La suite est faite, répétons-le, d’apports les plus divers. Soulignons d’emblée le riche entretien de Mgr P. d’Ornellas, Archevêque de Rennes, avec J-F. Bensahel, Président de la synagogue de la rue Copernic (Paris), qui porte sur l’événement fondateur que fut la déclaration Nostra Aetate (1965) de Vatican II. Avec force, J-F. Bensahel s’élève contre une interprétation de certains de ses coreligionnaires qui estiment que « les rapprochements entre l’Église et le Judaïsme sont le fruit d’un calcul politique ou circonstanciel. » « C’est une grave erreur », souligne-t-il : « il s’agit d’une démarche spirituelle, théologique, religieuse. C’est celle-ci qui porte celle-là. Et pas l’inverse. » Et si l’on en veut une preuve, il suffit de lire, pour s’en convaincre, leur livre d’entretiens, Juifs et Chrétiens, frères à l’évidence. La paix des religions, éd. Odile Jacob, 2015 [cf. Sens, n°405, mars-avril 2016, p. 173-175].

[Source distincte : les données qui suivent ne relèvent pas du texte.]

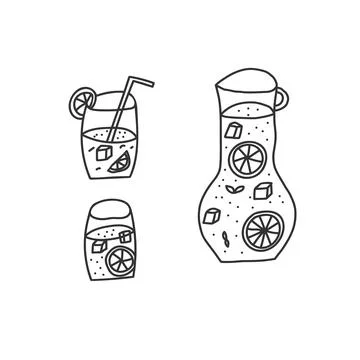 Hand drawn vector illustration of lemonade pitcher with two full glasses of l Stock Illustration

Des articles d’universitaires se font l’écho des recherches actuelles sur les origines du Christianisme, notamment sur la place et le rôle, de plus en plus marginalisés, des Judéo-Chrétiens face aux Rabbis pharisiens du Talmud (Dan Jaffé), ou bien encore sur la remise en cause, par Israël Yuval, de la vision classique de la relation Judaïsme-Christianisme comme respectivement religion-mère et religion-fille, au profit d’un modèle de « deux sœurs en conflit ».
Mais l’histoire contemporaine n’en est pas pour autant oubliée, avec Édouard Husson qui reconsidère à nouveaux frais la légende noire de Pie XII, avec Jonas Moses-Lustiger, petit-fils d’Arno Lustiger, cousin de l’Archevêque de Paris : « Un Kaddish pour le Cardinal ». Il faudrait aussi évoquer la leçon d’exégèse du Rabbin Marc-Alain Ouaknin, « Tu aimeras ton prochain comme toi-même », ou bien la méditation de David Isaac Haziza sur le verset du Psaume 22, « Mon Dieu, mon Dieu, pourquoi m’as-Tu abandonné ? », mots de douleur prononcés, selon les Évangiles, par Jésus sur la croix, et bien d’autres rubriques encore. Un dossier très riche à étudier dans toutes ses composantes.